Hoe gaat deze gesp ons helpen?

Trijntje

Lokaal leven is doen met wat er is, in plaats van kijken wat er nog mist. Sinds we winkelende consumenten zijn, zoeken we. We halen ons iets in het hoofd en gaan op zoek naar dat ene zoals we ons dat voorstellen. Een auto in de juiste stijl, een bank met precies de goede kleur, kopjes die matchen bij de keuken. We zijn bereid om daar ver voor te gaan. Letterlijk en figuurlijk. Vinden is wezenlijk anders dan zoeken.

Wat vind je

Vroeger deed ik het anders. Ik keek om me heen en vond. Dingen op straat of bij het afval. Spullen waar ik de waarde nog wel van inzag. Ik bedacht hoe dat ding me van nut zou kunnen zijn en nam het mee naar huis. Van bouten en moeren tot houten balken. Ik stapelde en sleepte aan. Na een paar verhuizingen bleek dat de gevonden schatten bij mij nog steeds wachtten op nuttig gebruik. Wilde ik een fatsoenlijk burger zijn, met fietsen in de schuur, in plaats van opgepotte straatvondsten dan moest dit stoppen. Dat deed ik.

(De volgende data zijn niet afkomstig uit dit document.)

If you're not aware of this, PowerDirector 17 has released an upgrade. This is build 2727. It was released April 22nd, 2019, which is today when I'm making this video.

Tot nu. Voor dit stuk heb ik het toch weer even gedaan: om me heen kijken. Vorige week bedacht ik onderweg dat ik mijn pen thuis had gelaten. Kort daarna vond ik op de stoep een pen. Een met vier kleuren. Die neem ik zelf nooit, maar nu hij daar ligt, pak ik het op. Ik heb het immers nodig. Ik zie ook zakdoekjes, nieuw pakje kauwgom, haarelastiekjes. Lege bierflesjes met statiegeld. Een buitenband van een fiets. Ik laat dat allemaal liggen voor degene die dát nodig heeft. Ik hoef vandaag alleen die pen.

Schoenmaker

Eerder was ik bij de schoenmaker. Nieuwe zolen. De schoen miste ook nog een gespje, en ik vroeg om dat te vervangen. Hij pakte een doos vol metalen gespen. Allemaal enkelen, allemaal wezen. Hij zocht, het juiste kleurtje zat er niet bij. Er kwam Schoenmaker Trijntjenog een doos onder de toonbank vandaan. Ook niets. Hij maakte zelf een riempje. Dat voldeed prachtig. Die twee dozen maakten dat we iets gemeenschappelijks hadden: Hij vindt het kennelijk ook zonde om iets bruikbaars weg te gooien.

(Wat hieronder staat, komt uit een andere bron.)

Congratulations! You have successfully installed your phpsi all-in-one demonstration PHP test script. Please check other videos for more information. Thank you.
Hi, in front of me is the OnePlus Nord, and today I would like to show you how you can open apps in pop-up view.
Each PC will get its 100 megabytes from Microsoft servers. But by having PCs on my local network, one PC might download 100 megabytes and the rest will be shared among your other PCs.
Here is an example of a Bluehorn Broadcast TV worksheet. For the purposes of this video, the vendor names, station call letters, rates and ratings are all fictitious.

Nu ben ik onderweg en zie ik deze gesp op het fietspad. ‘Doe nou niet. Je kunt er niks mee, en als je het ooit nodig hebt, weet je niet meer waar je het hebt gelaten.’ Deze stem heeft gelijk. Tot vandaag. Want ik weet waar ik ermee heen kan: de
schoenmaker. Dat is de plek om een gesp te bewaren tot er een schoen of tas komt die daar om vraagt.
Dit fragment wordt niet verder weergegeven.